I need my faithful Honda Element to hold up until we can buy me a new car, which will be well over a year. It’s almost like I pray every time turn I turn the key in the ignition, “Please don’t let this be the day it doesn’t start…”

With us being Dave Ramsey followers, I would feel horrible about myself if I had to finance a new vehicle. It goes against who I am as a person.

So here’s who I am as a person: I now proudly drive while listening to a busted iPod that has a battery that dies by the end of my 2 hour round trip commute, even though it’s fully charged when I leave the house.

Anything from before 2007 is on there, though. Time to get reacquainted with The Wallflowers and Sister Hazel.

This is 36.

This is 36: My Wife and I are Rarely Seen Together in Public, Despite Being Happily Married

Saturday afternoon was a peculiar occurrence: Had you been invited to Zeke’s birthday party in Spring Hill, Tennessee, then you would have seen both me and my wife there together, at the same time. That doesn’t happen often!

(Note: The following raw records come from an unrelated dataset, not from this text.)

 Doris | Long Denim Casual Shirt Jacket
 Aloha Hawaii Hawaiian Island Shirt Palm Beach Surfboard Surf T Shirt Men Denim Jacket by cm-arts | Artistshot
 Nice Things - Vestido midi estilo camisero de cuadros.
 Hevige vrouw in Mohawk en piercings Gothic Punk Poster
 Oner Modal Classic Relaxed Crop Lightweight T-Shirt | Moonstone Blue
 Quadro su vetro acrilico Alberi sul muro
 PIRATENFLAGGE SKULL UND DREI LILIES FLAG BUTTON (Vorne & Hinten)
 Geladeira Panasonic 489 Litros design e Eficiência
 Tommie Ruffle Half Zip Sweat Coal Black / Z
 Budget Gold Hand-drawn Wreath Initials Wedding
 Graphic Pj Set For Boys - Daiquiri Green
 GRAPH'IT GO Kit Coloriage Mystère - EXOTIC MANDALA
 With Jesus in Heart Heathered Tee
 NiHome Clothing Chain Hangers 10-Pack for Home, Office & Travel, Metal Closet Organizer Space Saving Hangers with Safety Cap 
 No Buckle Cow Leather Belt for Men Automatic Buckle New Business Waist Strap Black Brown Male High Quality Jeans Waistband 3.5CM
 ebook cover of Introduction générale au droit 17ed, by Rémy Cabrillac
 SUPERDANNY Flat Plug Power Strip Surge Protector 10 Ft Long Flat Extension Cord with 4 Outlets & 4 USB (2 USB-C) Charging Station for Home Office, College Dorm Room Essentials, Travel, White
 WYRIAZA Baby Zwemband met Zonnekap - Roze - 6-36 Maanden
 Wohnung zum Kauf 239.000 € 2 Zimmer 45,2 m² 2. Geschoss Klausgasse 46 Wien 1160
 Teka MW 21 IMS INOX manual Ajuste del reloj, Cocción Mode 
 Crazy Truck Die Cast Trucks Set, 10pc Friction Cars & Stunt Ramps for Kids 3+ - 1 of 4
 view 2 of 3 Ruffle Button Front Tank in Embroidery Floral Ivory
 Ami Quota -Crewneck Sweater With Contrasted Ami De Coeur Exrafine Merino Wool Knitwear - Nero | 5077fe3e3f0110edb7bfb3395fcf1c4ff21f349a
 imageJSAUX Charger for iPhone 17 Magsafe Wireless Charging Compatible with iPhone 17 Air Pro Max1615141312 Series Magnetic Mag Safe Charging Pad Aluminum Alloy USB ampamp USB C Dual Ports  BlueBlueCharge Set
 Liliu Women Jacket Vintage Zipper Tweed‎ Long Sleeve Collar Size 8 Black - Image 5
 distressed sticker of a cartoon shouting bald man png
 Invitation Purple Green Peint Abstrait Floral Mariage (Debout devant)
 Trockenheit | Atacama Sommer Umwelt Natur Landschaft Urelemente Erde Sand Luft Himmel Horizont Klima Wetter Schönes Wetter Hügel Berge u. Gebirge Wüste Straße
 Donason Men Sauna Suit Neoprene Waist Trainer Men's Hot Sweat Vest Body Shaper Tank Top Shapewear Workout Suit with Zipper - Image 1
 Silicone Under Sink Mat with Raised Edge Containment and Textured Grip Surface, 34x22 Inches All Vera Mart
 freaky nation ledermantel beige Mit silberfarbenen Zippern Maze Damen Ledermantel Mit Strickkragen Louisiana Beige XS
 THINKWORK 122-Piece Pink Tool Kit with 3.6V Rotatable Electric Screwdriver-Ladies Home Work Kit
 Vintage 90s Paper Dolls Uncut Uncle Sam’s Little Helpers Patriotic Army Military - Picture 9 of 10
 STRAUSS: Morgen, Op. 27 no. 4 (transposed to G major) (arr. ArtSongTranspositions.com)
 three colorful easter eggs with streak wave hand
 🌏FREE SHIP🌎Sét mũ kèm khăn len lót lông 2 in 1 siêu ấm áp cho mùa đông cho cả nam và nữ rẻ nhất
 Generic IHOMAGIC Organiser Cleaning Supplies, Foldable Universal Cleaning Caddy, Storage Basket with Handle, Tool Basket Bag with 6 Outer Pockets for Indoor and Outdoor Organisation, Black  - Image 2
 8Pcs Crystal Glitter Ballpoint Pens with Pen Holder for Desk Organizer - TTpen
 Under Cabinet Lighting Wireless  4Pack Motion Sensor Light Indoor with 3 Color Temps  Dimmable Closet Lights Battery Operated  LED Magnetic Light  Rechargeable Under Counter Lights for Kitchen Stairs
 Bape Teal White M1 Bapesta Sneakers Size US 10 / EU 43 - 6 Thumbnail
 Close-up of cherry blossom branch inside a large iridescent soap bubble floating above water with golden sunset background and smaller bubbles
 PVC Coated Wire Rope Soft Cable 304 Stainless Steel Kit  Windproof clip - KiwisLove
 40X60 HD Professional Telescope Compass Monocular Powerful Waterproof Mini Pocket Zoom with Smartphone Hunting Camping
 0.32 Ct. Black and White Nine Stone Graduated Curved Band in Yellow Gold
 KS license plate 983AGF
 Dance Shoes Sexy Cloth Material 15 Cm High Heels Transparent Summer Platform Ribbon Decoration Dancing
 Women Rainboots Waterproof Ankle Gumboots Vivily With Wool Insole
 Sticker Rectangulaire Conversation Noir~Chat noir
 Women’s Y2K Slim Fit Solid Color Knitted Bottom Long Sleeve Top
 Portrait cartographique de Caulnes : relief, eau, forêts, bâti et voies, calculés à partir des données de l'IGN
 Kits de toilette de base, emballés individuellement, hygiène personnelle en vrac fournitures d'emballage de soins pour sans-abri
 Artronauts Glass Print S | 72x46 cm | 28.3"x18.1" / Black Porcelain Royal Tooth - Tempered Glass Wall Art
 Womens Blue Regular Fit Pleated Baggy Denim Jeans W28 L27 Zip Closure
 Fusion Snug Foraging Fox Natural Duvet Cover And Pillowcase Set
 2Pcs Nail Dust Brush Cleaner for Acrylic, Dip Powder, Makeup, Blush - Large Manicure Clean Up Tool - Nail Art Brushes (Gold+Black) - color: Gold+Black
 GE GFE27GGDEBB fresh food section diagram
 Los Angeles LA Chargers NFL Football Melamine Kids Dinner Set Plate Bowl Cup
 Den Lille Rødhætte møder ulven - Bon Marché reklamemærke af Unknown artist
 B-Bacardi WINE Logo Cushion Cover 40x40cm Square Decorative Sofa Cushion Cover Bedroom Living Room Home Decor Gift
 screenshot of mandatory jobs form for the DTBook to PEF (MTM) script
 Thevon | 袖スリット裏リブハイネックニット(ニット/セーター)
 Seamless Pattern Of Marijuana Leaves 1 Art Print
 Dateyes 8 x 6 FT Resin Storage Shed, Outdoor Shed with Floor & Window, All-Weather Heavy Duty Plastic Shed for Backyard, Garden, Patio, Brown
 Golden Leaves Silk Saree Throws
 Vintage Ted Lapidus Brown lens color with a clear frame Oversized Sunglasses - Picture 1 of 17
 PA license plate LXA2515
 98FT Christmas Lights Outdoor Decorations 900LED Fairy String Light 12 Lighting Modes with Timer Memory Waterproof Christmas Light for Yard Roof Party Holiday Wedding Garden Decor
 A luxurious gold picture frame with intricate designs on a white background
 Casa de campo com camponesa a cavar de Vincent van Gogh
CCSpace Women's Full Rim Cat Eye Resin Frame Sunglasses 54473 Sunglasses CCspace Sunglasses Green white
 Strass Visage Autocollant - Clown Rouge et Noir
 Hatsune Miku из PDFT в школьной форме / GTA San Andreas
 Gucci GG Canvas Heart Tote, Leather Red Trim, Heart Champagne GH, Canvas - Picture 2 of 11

This is the part of the blog post where you either A) instantly identify with this concept, or B) are very confused right now as to why seeing a happily married couple together in public is an odd phenomenon.

In case you fall into the 2nd category, which I doubt you do if you are reading this, here’s how it works:

My wife and I both work full-time jobs in which we both have to commute about 2 hours round trip. Not to mention, we both are responsible for housework. While my wife definitely carries the heavier part of that burden, I also work two side jobs for supplemental income: this blog and my YouTube channel.

When the weekend finally comes, it typically consists of me staying home with the kids while my wife goes out and buys the groceries and runs other necessary errands. By the time the afternoon rolls around, she’s usually ready to stay home with the baby and I’m eager to get out with our son.

Therefore I take him out to whatever birthday party he’s been invited to, or to new Marvel movie that is out… or we just go hiking alongside a creek.

And during the week, I’m dropping off the kids at school and my wife is picking them up. So their teachers have basically never see the two of us together.

But this past Saturday, our whole family woke up early because Great Clips was having their phantom $6.99 haircut sale, so my son and I were there when the doors opened at 8:00 AM. That sped up all the other events of the morning.

Therefore, my wife felt like going to Zeke’s birthday party and taking the baby. And alas, we showed up together.

Granted, our son has been invited to another birthday party this coming Saturday at Chuck E. Cheese’s. I seriously doubt my wife will be there.

It’s just a rare thing to see me and my wife together in public.

This is 36.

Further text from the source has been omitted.